Live-blogging Opening day at Fenway

With some members of the Boston Pops playing "Thus Spake Zarathustra", the banners were unfurled on the left-field wall. First the first 5,

and then an enormous one for the 2004 World Series Championship.

There was footage this morning of DHL trucks delivering rings to Fenway park. Now we discover what happened to them.

Ever since DHL delivered the rings this morning, they have been in the care of some remarkable American heroes. Soldiers, Sailors, Marines and Air Force personnel who, after returning from war, have been hospitalized at Walter Reed Army Medical Center and Bethesda Naval Hospital. These are some of the same soldiers that our players visited in Washington, D.C. on March 2nd.
-Joe Castiglione

So the Soldiers, Sailors, Marines and Air Force personnel came out onto the field with the rings.

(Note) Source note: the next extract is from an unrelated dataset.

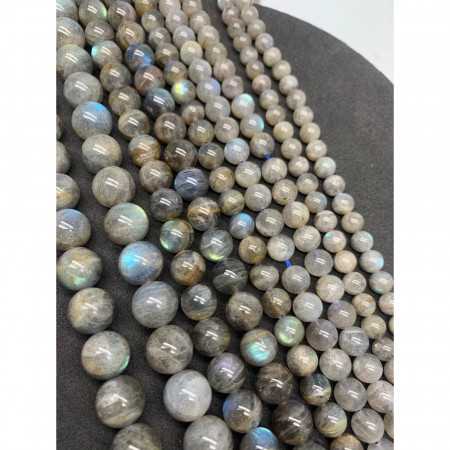 Каменные бусины, Лабрадор, А, шарик гладкий, 6-6,5 мм, длина нити 38 см арт. 18604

They're putting large pictures of the rings up on the diamond-vision to call the players out.

They gave away a lot of rings.

While they raised the banner, the crowd was treated to a new song, from Terry Cashman.

This is for Teddy Ballgame.
This is for Dom Dimagg..
This is for Johnny Pesky,
Fisk and Yaz.

Raise the flag! The curse is over.
The Babe don't live here anymore.

This is for Teddy Ballgame
And this is for Bobby Doerr.

They won it for Dewey Evans.
They won it for Tony C.
Tiant and Petrocelli,
Remy, Rice and Lee.

Raise the flag (something I can't make out)
The curse is banished when you win
They won it for Dewey Evans,
they won it for Freddie Lynn.

Hail, Hail Red Sox Nation,
both the present and the past.
Hey, hey, daddy can you hear me?
we're champs at last!
We're champs at last!

So this is for Curt and Kenny Coleman,
their voices echo through the New England night.
And this is for Bill Buckner.
It's all right. It's all right.

Raise the flag, the curse is over,
those idiots made us all believe,
So this is for Johnny Damon,
Schilling, Manny and Ortiz.

Raise the flag and damn the curse, boys.
The bambino don't live here anymore.
So this is for Teddy Ballgame,
This is for Bobby Doerr,
Yeah, this for Teddy Ballgame,
Dominic, Pesky and Doerr.

And the banner went up, pulled up by two long-time Sox...

And, for the ceremonial first pitch, we had Bill Russel, Bobby Orr, Richard Seymour and Tedy Bruschi.

And then Broadway Charlie Wagner, 92 years old, who debuted with the Boston Red Sox in 1938, called "Let's Play Ball!"